Paper has always been good for business— even the movie business.

These days, we’re all watching movies at home. Thanks to a disaster movie-sized pandemic in real life, seeing movies in a theater is not an option.

But back in 1936, during the heart of Hollywood’s golden age, movie theaters were the place to be. And as this eye-catching Time magazine ad from that year points out, movie scripts were written on paper. Hammermill paper, to be more specific.

“When it comes to scripts, famous motion picture companies agree with large broadcasting chains. They must be produced quickly, neatly—with no smudging or blurring. A typical movie script is shown above. This particular script was wholly produced on Hammermill Paper, bound in Hammermill Cover.”

The script shown is titled The Garden of Allah, a sweeping desert love story featuring the sultry screen icon, Marlene Dietrich. And there she is, in desert-appropriate heels and a flowing gown.
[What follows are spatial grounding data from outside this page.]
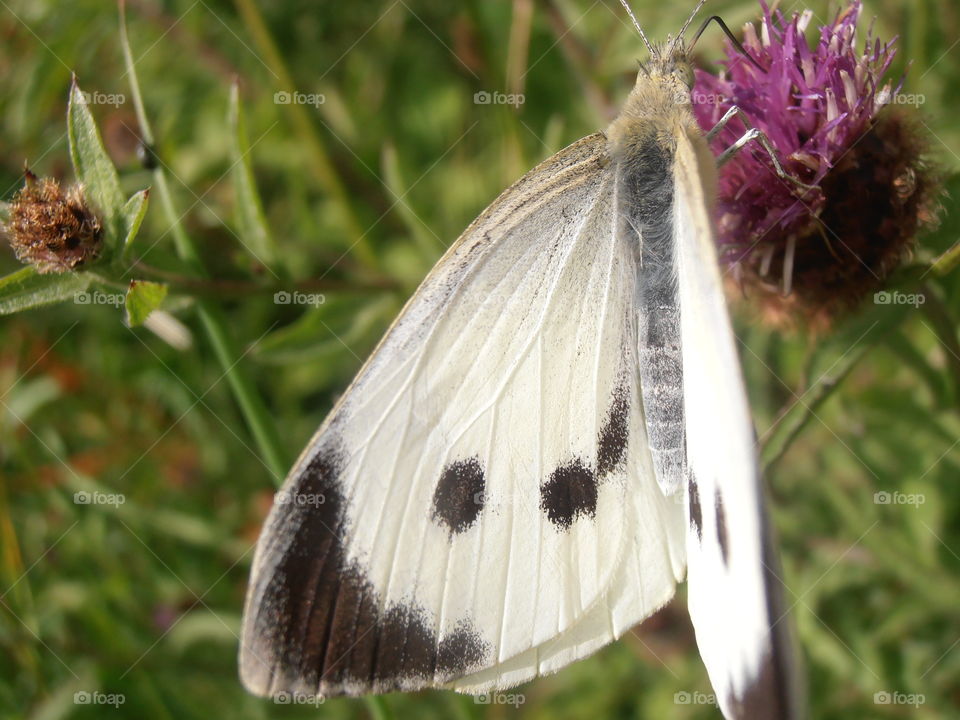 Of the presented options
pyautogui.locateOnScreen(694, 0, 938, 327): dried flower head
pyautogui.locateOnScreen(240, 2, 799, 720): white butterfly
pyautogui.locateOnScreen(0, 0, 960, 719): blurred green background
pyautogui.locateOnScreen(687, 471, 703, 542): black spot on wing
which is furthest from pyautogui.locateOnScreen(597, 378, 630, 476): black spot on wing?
pyautogui.locateOnScreen(694, 0, 938, 327): dried flower head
But for all of its 30’s era charm, the most interesting thing about the ad might be this: It’s talking to a business audience. In fact, Hammermill includes a coupon for a free trial packet of paper. All the reader has to do is check a box indicating which “printing machine” is used in his or her office.

Hammermill has always been about business first, because paper has always made business work better. From briefs to reports to presentations, physical copies are often more practical than pixels on a screen.

Even today, when most screenwriters work on computer screens, the movie business needs paper. For example, imagine how much less dramatic the Oscar-winning intro, “And the winner is,” would be without the envelope and the card stock hiding inside, waiting to be revealed. A starring role for paper indeed.